Separare assicura l’autonomia del giudice rispetto al pubblico ministero e aiuta a difendere l’indipendenza della magistratura da ogni condizionamento politico, ideologico o corporativo, rafforzando la sua funzione di garanzia. Una magistratura libera è una giustizia più forte: al servizio della verità e dei diritti, non del potere.
- Sorteggio dei componenti del CSM: più trasparenza e meno correntismo
La giustizia deve rispondere ai cittadini, non ai gruppi di potere.
Con il sorteggio dei componenti dei due CSM verranno superate le logiche del correntismo che condizionano nomine e carriere, facendo prevalere l’appartenenza sul merito e sulle competenze. Il CSM tornerà così organo di garanzia, come previsto dalla Costituzione, e non strumento di potere interno, capace di condizionare gli stessi magistrati che dovrebbe tutelare.
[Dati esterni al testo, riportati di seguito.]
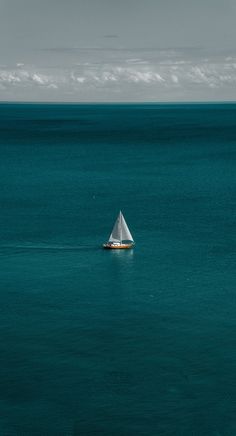 a small sailboat in the middle of an ocean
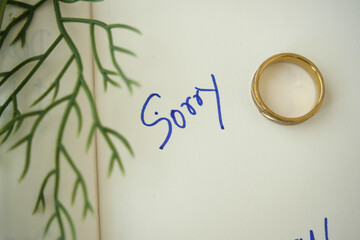 Note with the sorry word next to a wedding ring.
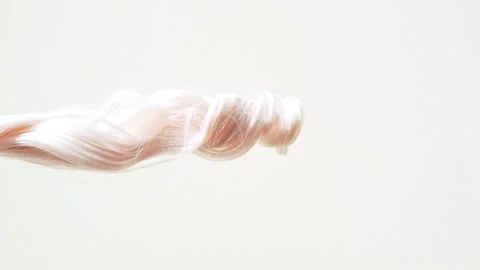 Waving of locks of pink shiny wavy bunch hair. Slow Motion. Hair care and beauty Video stock 272591634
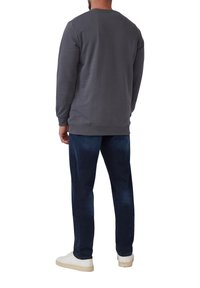Un sweatshirt gris avec un col rond, associé à un jean bleu foncé et des baskets blanches. Le tissu semble doux, avec une texture lisse.
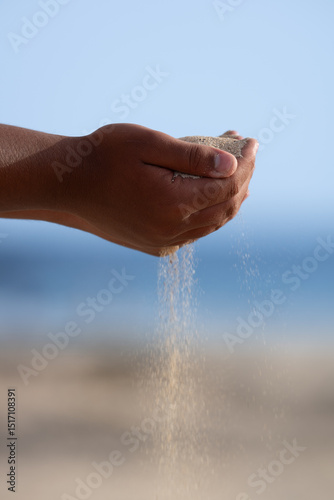A hand is holding a handful of sand and it is pouring out of the hand. The sand is falling onto the beach, creating a sense of movement and energy. The image conveys a feeling of relaxation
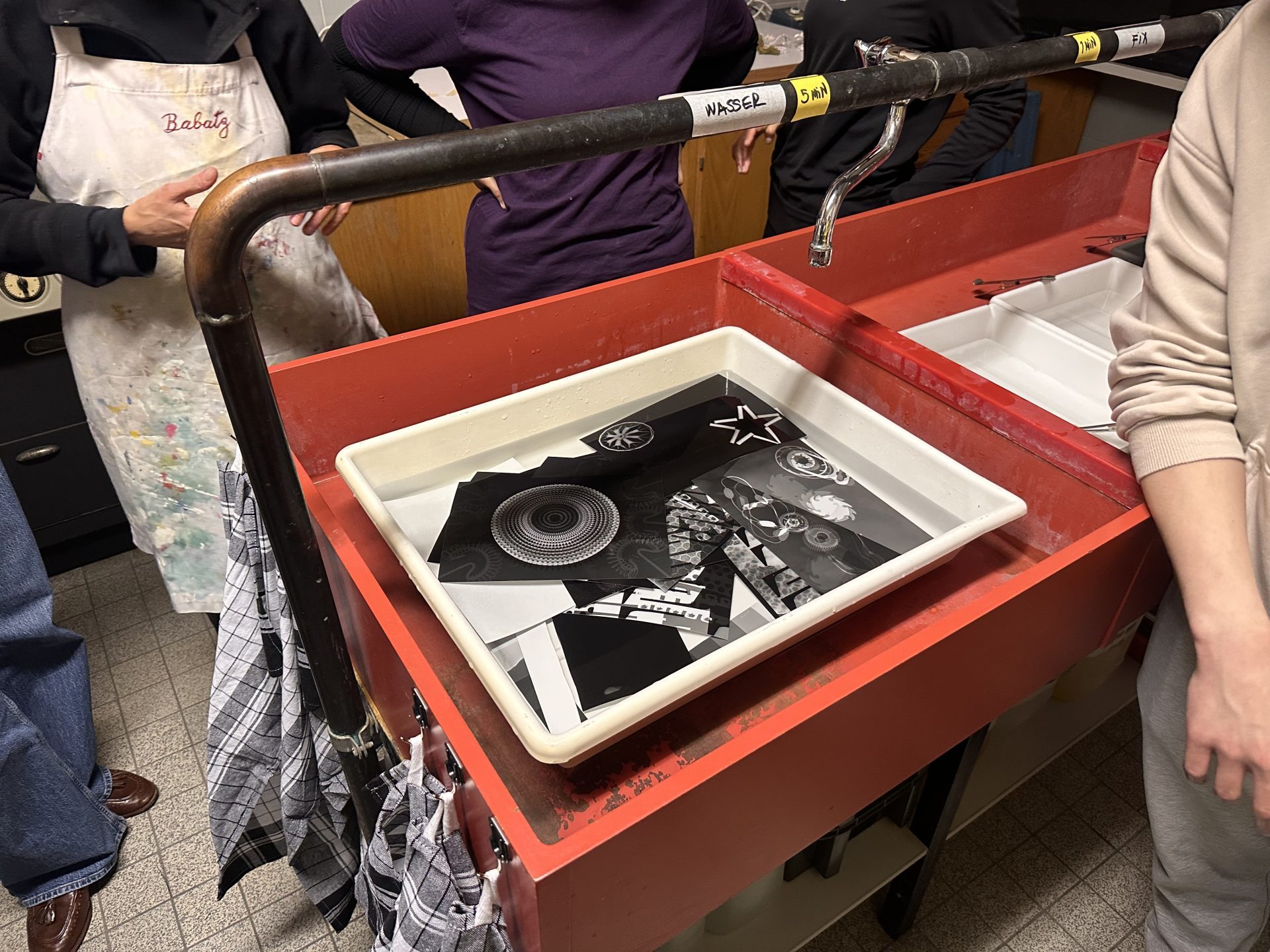 Black and white photo prints in a water tub, surrounded by people in a creative environment.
- Il Presidente della Repubblica, garante dell’equilibrio e dell’unità della giustizia
Il Capo dello Stato resta il custode della Costituzione e della libertà dei cittadini.
La riforma valorizza il suo ruolo di garanzia: il Presidente continuerà a presiedere entrambi i Consigli Superiori, assicurando coerenza e indipendenza per la magistratura. È il segno più alto di un equilibrio istituzionale che unisce, non divide: una giustizia ordinata e fedele ai principi della Repubblica e di uno Stato liberale.
- Un’Alta Corte per una giustizia che risponde a tutti
La giustizia deve essere trasparente nei confronti dei cittadini, non rendere conto solo a se stessa.
Chi amministra la giustizia deve rispettarne le regole come ogni cittadino. L’istituzione di un’Alta Corte disciplinare, autonoma e indipendente dai Consigli Superiori, i cui componenti saranno selezionati per sorteggio e in parte nominati dal Presidente della Repubblica, garantirà finalmente che le responsabilità dei magistrati siano valutate con terzietà e trasparenza. La credibilità nasce anche dalla responsabilità: nessuno è al di sopra della legge, tantomeno chi la applica.
- Una battaglia di libertà, non di potere
È la riforma di chi crede nella Costituzione e nella giustizia come servizio ai cittadini.
È la storica battaglia trentennale dell’Unione delle Camere Penali Italiane: non contro qualcuno, ma per tutti. Perché separare le carriere non è uno slogan, ma un atto di civiltà. Dire SÌ significa, restituire credibilità e autorevolezza alla magistratura, avere un processo più giusto e una giustizia più trasparente nell’interesse di tutti i cittadini.